Segment Start: TASK DATA
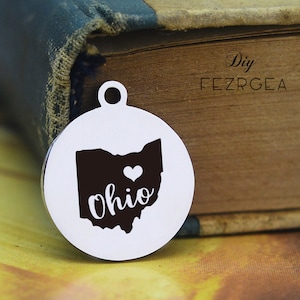 Carte de l'Ohio Stainless Steel Charm, Carte personnalisée de l'Ohio USA Charmes gravés, Charmes personnalisés / Pendants, Necklace Bangle Charms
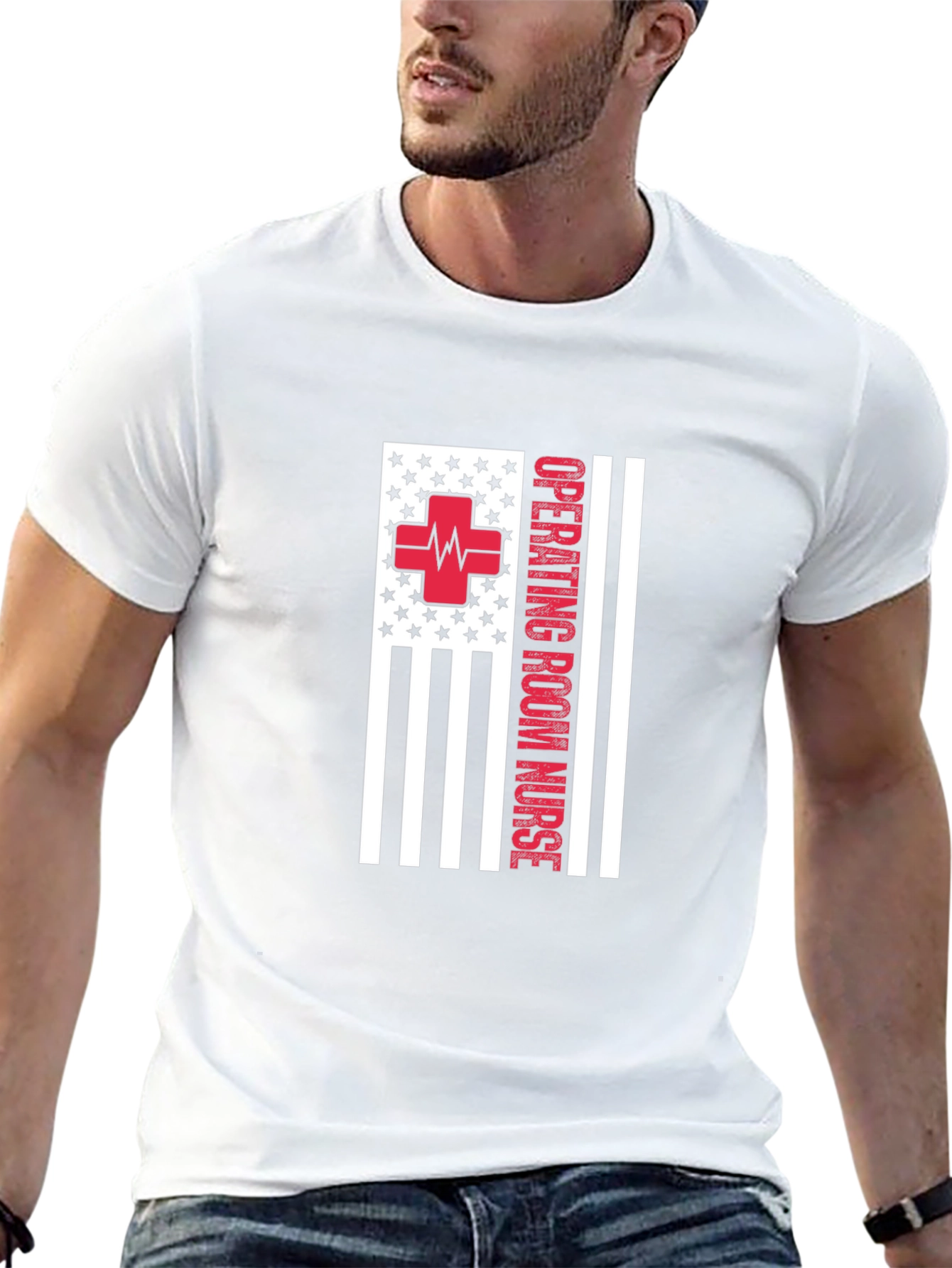 Operating Room Nurse American Flag Tee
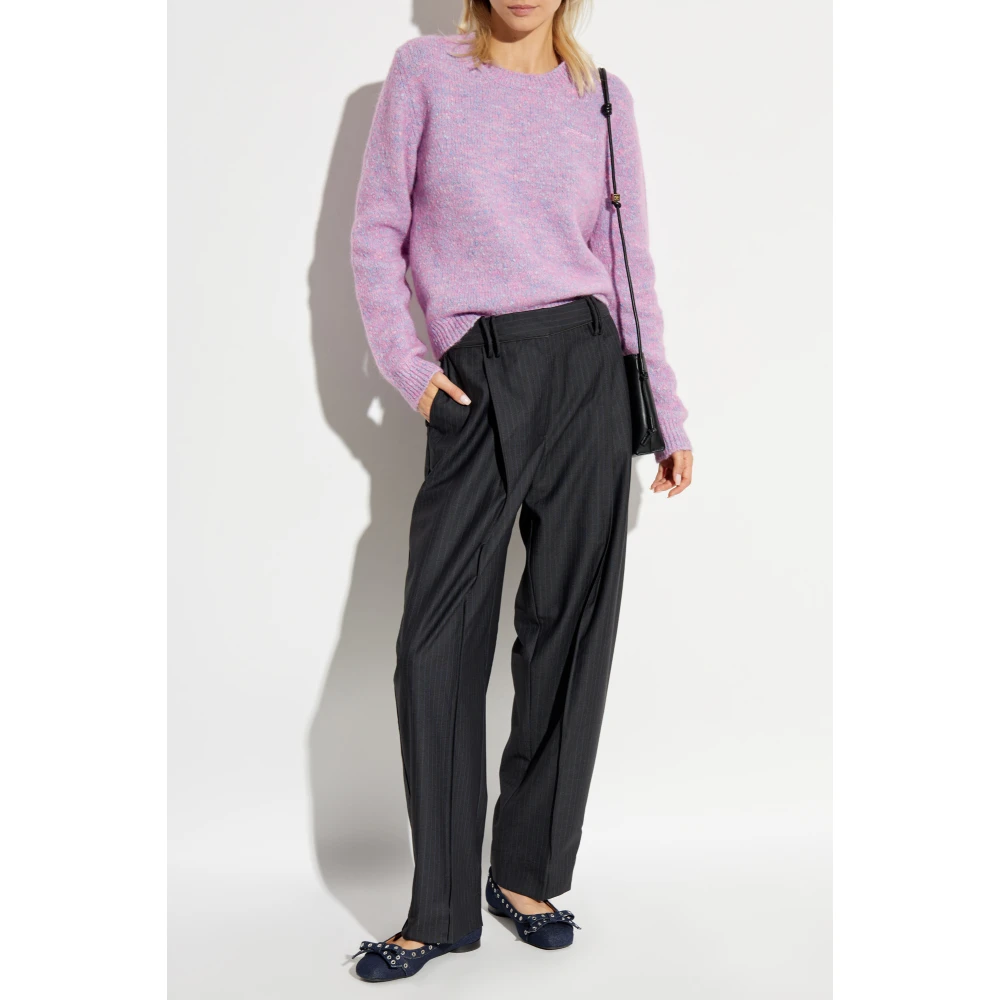 Ganni Geribbelde trui Pink Dames
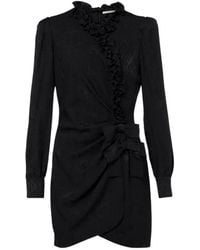 Alessandra Rich - Robe Courte En Jacquard De Soie À Volants - Lyst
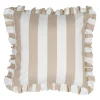 Coussin à volants en tissu rayé beige 45x45cm - Palma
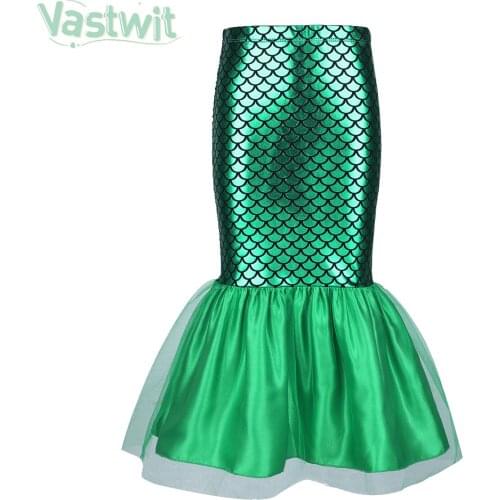 Kids Girls Glossy Mermaid Tail Skirts Mermail Party Toddler Halloween Cosplay Costume Skirt Fancy Mermaid Birthday Party Outfit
Segment End: TASK DATA
▶ _WORK TASK_:
What is needed is every record above, restated word for word, with the pictures left out.

▶ _RESPONSE AREA_:
 Carte de l'Ohio Stainless Steel Charm, Carte personnalisée de l'Ohio USA Charmes gravés, Charmes personnalisés / Pendants, Necklace Bangle Charms
 Operating Room Nurse American Flag Tee
 Ganni Geribbelde trui Pink Dames
 Alessandra Rich - Robe Courte En Jacquard De Soie À Volants - Lyst
 Coussin à volants en tissu rayé beige 45x45cm - Palma
 Kids Girls Glossy Mermaid Tail Skirts Mermail Party Toddler Halloween Cosplay Costume Skirt Fancy Mermaid Birthday Party Outfit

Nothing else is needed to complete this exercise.